### What the task requires
Could you give the listing again exactly, without its pictures?

── Exercise data ──

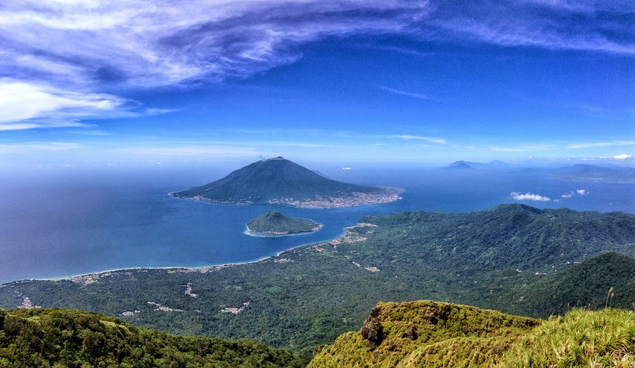 Mendaki Puncak Kie Matubu / Gunung Tidore - Wisata Alam Maluku Utara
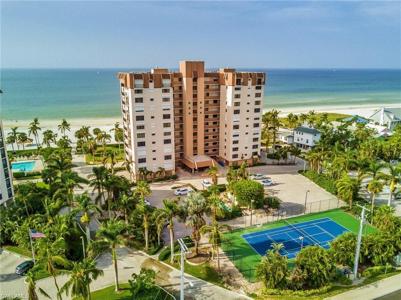 2800 Estero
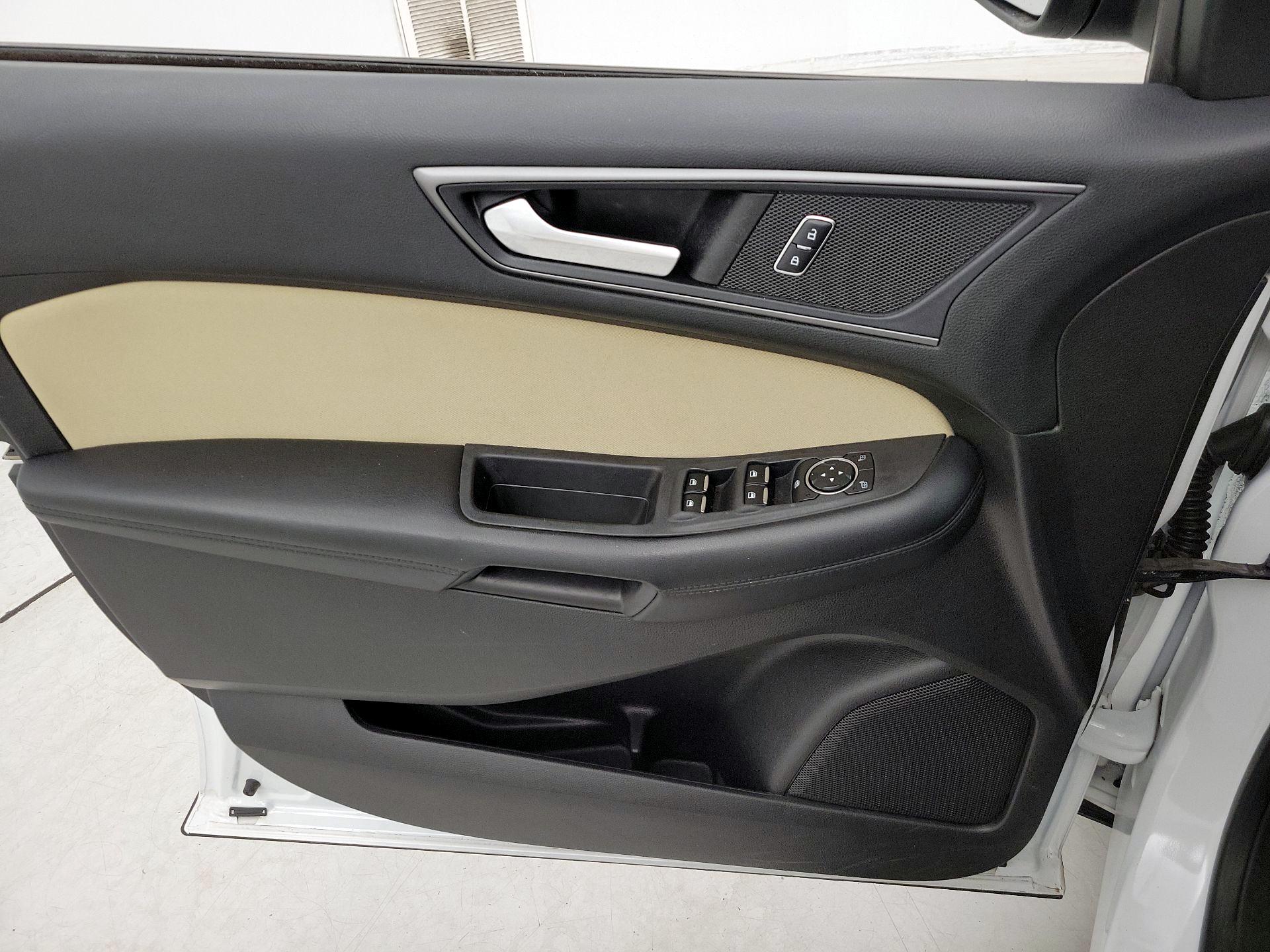 Thumbnail: 2017 Ford Edge - 12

───

### Response area
 Mendaki Puncak Kie Matubu / Gunung Tidore - Wisata Alam Maluku Utara
 2800 Estero
 Thumbnail: 2017 Ford Edge - 12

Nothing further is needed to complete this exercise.